Ao rever o percurso até à meta, Philipsen admitiu que o triunfo esteve longe de ser linear. “Nem tudo correu como planeado e as sensações nem sempre foram boas. Também tive um pouco de azar, por isso estou feliz por somar a primeira vitória”, disse à Sporza.

Final caótico obriga Philipsen a improvisar

O desfecho refletiu essa ideia. O que se encaminhava para um sprint foi baralhado nos quilómetros finais pelo ataque a solo de Alec Segaert, que abriu um fosso considerável enquanto o pelotão hesitava. Philipsen também não controlava essa fase, já obrigado a reagir mais cedo na corrida.
A colocação, explicou, foi um dos grandes desafios. “A colocação estava difícil. Eu estava com o Jonas (Rickaert), mas tivemos de travar por causa de uma queda”. Esse momento deixou-o exposto num ponto crítico, forçando uma perseguição que cobrou energia.
“O Gerben (Thijssen) levou-me de volta à frente, mas isso custou energia. Já tinha gasto as melhores pernas para regressar depois de trocar de sapatos e com essas interrupções. Ainda bem que consegui chegar”.
Essa última frase resumiu o equilíbrio da corrida.

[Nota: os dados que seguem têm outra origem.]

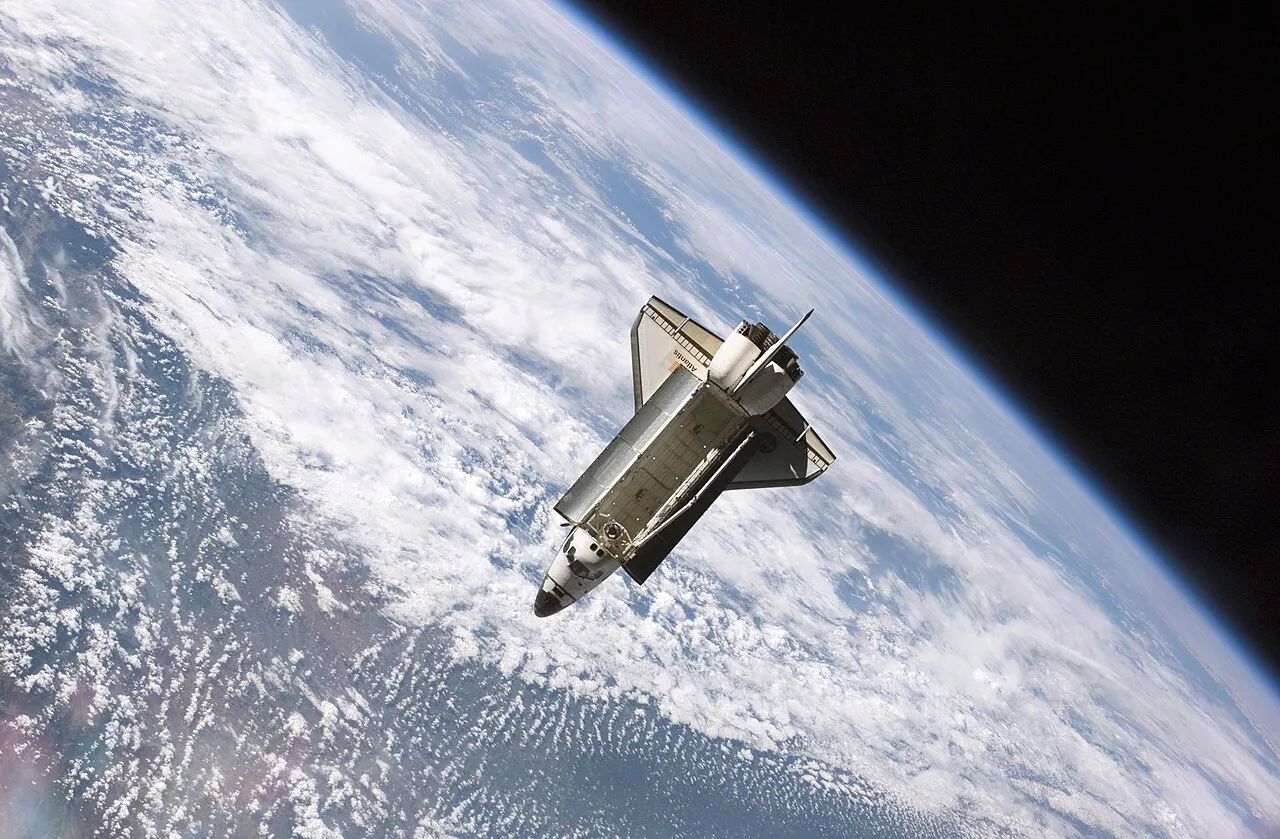 Ilustrasi peluncuran roket launch vehicle menuju orbit luar angkasa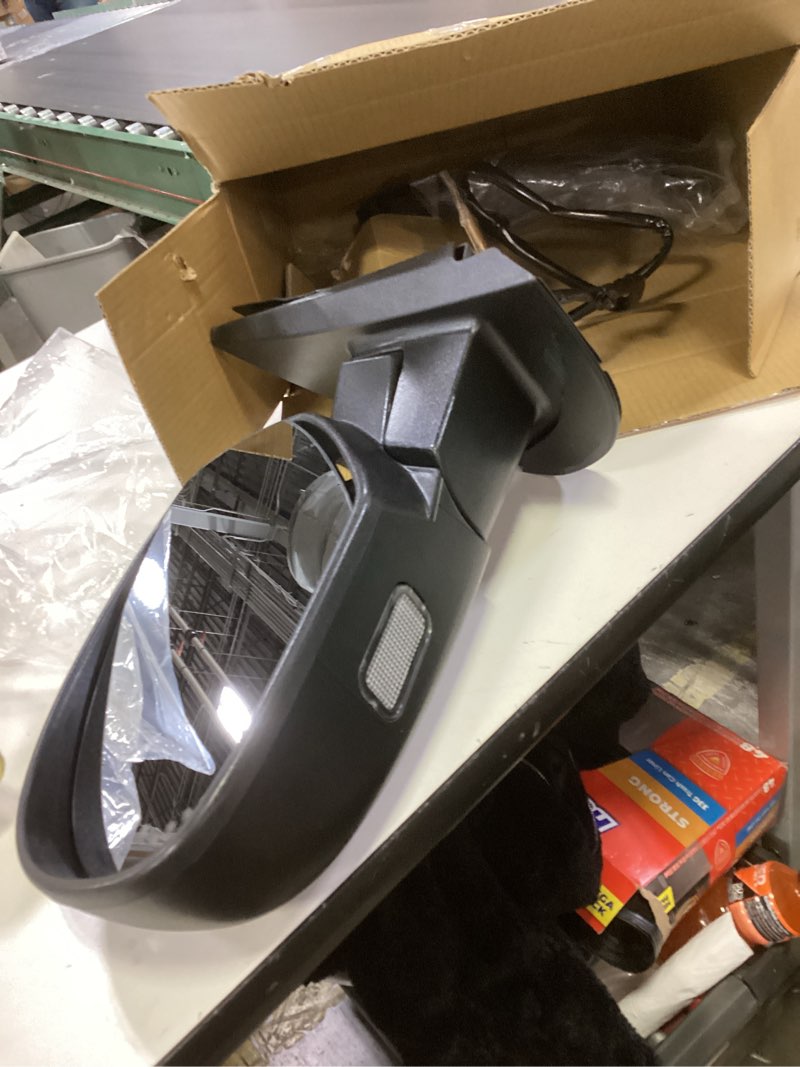 Condition photo showing Good Condition for Replacement Power Heated Door Mirror with Turn Signal - Driver Side fits 2007-2013 Chevrolet Silverado 1500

Philipsen não ditou o final. Sobreviveu-lhe.

Problema no sapato acrescenta outra camada a um dia difícil

O ponto de viragem surgiu cerca de 20 quilómetros antes da meta, quando Philipsen recuou até ao carro da equipa. A razão não foi tática, mas mecânica. “Quase caí e tive de usar toda a pedalada para me manter em pé. O meu sapato partiu-se”.
A solução deixou-o a terminar a corrida com calçado desencontrado, um sapato branco e outro prateado, imagem invulgar numa prova já cheia de percalços. “Não fica propriamente bem”, avaliou. “Mas foi eficiente. Funciona e talvez me dê sorte”.
Esse episódio reforçou a sensação de que esta vitória nasceu mais da adaptação do que do controlo.

Sprint decide após susto tardio de Segaert

Apesar dos contratempos, a corrida acabou por regressar ao cenário que Philipsen melhor domina. Segaert foi alcançado nos metros finais e a subida até à meta transformou-se num sprint reduzido.
A partir daí, a execução de Philipsen foi decisiva. Depois de passar grande parte do final a reagir, cronometrizou o esforço na chegada em falso plano e garantiu a vitória diante de Jordi Meeus e Juan Sebastian Molano. “Isto é muito importante para a confiança”, disse. “Tive de esperar um pouco por ela”.

Primeira vitória de 2026 traz alívio após início difícil

O alívio ficou claro nas reflexões finais. Depois de uma série de aproximações e corridas interrompidas, isto foi mais do que um triunfo: foi um reset. “Tenho gostado de correr aqui nos últimos anos, mas hoje quis jogar um pouco mais pelo seguro: procurar boas sensações e conquistar a vitória. Correu bem”.
No fim, a Nokere Koerse entregou exatamente isso. Não uma corrida perfeita, mas o resultado certo.